I am having a problem with a 4507R. I have 2 SUP II+ modules installed in it and the SUP that should be the standby is not booting all the way. If I have one SUP inserted, either one, it boots fine but when both are inserted one becomes active and the other sits waiting to check packet buffer memory. If I remove the active sup then the other one continues the boot process but that is not how they should be working. Any ideas out there?

Thanks..

6 Replies 6

Danilo Dy
VIP Alumni
VIP Alumni

Hi,

Your Supervisor Engine Redundancy may not configured properly. Please post "show redundancy states" or follow this link http://www.cisco.com/en/US/docs/switches/lan/catalyst4500/12.2/20ew/configuration/guide/RPR.html

Regards,

Dandy

I thought about that. When I had each SUP installed in the chassis alone I set it to either RPR or SSO then removed it and did the same thing to the other SUP. Once they were each set to the same redundancy mode I powered the switch down, inserted both SUPS and powered it back up. It made no difference on how the redundancy was configured.

When I leave both SUPs in the chassis and try to enter config mode I get a message stating that the PARSER has locked the config and I am unable to make changes as long as the second SUP is installed in the chassis. The Gig interface on the SUP works fine though.

Are the code versions exactly the same ? In rpr mode the standby will not boot up all the way . This link might shed some light on standbys and how to configure .

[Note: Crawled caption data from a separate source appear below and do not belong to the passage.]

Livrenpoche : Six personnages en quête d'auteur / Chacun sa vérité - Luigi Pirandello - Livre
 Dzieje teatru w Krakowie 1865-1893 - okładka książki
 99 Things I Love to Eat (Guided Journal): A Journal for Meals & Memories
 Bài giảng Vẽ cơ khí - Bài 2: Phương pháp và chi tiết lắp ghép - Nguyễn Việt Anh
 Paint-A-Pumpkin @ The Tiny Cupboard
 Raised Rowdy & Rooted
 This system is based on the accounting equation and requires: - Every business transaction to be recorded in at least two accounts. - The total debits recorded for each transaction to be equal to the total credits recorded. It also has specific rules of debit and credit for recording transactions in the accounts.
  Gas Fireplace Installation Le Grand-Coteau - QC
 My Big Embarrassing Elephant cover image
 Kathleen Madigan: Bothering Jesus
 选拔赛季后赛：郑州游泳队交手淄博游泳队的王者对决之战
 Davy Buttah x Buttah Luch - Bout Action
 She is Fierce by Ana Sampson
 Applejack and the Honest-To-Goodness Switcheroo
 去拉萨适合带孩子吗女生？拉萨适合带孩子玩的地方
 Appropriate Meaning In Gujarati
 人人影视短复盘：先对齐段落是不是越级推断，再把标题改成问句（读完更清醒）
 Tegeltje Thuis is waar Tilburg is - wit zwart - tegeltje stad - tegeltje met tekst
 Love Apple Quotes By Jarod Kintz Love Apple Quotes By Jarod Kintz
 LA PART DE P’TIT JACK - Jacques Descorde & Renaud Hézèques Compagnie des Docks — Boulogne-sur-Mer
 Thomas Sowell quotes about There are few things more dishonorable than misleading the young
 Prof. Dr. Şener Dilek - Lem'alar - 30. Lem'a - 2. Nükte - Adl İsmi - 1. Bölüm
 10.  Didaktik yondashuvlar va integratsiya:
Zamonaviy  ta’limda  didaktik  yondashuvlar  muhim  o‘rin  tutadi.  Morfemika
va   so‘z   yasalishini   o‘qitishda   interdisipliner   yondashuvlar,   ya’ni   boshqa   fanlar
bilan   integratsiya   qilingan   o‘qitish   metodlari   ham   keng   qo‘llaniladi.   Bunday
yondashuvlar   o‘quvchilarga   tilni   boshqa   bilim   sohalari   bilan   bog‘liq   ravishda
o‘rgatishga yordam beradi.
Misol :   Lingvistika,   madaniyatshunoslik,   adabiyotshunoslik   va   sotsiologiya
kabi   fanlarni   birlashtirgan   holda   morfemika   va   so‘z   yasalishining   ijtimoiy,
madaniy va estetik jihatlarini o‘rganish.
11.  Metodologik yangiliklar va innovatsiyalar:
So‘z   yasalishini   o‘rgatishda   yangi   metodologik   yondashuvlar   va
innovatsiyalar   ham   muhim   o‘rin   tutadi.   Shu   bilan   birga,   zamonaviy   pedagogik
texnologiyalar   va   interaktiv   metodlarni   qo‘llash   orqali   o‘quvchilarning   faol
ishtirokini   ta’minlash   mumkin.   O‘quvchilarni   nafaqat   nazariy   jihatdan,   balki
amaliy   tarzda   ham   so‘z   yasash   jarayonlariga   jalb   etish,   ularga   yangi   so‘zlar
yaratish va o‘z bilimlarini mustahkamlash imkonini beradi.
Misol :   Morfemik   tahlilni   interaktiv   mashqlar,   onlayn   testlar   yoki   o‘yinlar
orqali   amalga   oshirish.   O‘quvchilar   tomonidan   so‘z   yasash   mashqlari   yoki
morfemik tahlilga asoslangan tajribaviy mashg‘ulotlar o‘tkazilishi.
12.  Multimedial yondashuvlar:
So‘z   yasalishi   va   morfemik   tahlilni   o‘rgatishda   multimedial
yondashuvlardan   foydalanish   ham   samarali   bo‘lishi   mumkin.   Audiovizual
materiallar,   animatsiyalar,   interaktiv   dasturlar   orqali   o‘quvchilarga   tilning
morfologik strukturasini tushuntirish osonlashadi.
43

http://cisco.com/en/US/docs/switches/lan/catalyst4500/12.2/40sg/configuration/guide/RPR.html

Should the second SUP initialize enough to be able to get to the SlaveBootFlash: and other Slave File systems? The Gig link on the second SUP is active but I am unable to get to any of the SLAVE file systems.

Thanks for your help.

Yes I would think so because the standby supervisor pulls its code from those locations. Other words you can't do a "dir on say slavebootflash: ??? Yeah its sounds like something is not quite right but I am not sure what without being able to see it , but I think you should be to get to them because I have upgraded the standby supervisor from the active supervisor before and the stanby was only in rpr mode . You might want to plug into standby console and then reset or pull the stanby out in reinsert it and watch and see if you see anything in the logs. I have never tried to session a standby so I don't know if that is possible or not , maybe someone else could elaborate.

Here is a copy of the log file while the standby SUP boots. It comes to a point in the process that the active SUP checks PACKET BUFFERS. The standby SUP just sits there and does nothing. In the case of this log file the SUP reset itself and stopped at the same place again.

The 2 log files are as follows: One is with a SUP already installed in slot 1 and the standby sup in slot 2. The other is with the Slot 1 SUP removed and only the Slot 2 SUP installed.

Thanks for any insight.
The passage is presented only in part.